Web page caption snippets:

•••••

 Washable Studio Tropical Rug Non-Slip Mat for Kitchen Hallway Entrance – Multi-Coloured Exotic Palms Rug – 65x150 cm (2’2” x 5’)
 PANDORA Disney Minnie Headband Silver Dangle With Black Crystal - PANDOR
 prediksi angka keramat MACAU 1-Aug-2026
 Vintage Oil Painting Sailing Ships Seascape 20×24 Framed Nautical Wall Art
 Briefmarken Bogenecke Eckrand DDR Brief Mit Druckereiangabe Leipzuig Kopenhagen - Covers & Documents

•••••

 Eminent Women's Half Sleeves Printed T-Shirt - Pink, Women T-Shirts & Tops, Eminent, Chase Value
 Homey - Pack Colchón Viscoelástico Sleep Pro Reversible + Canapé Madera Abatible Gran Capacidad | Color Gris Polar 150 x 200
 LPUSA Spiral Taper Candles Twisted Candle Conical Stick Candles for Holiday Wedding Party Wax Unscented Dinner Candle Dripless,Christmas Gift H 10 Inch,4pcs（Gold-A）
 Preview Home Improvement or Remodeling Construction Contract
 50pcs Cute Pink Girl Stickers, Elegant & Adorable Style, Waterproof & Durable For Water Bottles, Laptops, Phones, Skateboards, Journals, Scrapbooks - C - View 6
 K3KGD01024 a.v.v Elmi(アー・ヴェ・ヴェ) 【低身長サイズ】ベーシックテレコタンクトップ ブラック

•••••

# WORK INSTRUCTIONS
Take the lines above from the one containing "PANDORA Disney Minnie" to the one containing "Briefmarken Bogenecke Eckrand" and retype them exactly, both ends included, with nothing added.

# ANSWER
 PANDORA Disney Minnie Headband Silver Dangle With Black Crystal - PANDOR
 prediksi angka keramat MACAU 1-Aug-2026
 Vintage Oil Painting Sailing Ships Seascape 20×24 Framed Nautical Wall Art
 Briefmarken Bogenecke Eckrand DDR Brief Mit Druckereiangabe Leipzuig Kopenhagen - Covers & Documents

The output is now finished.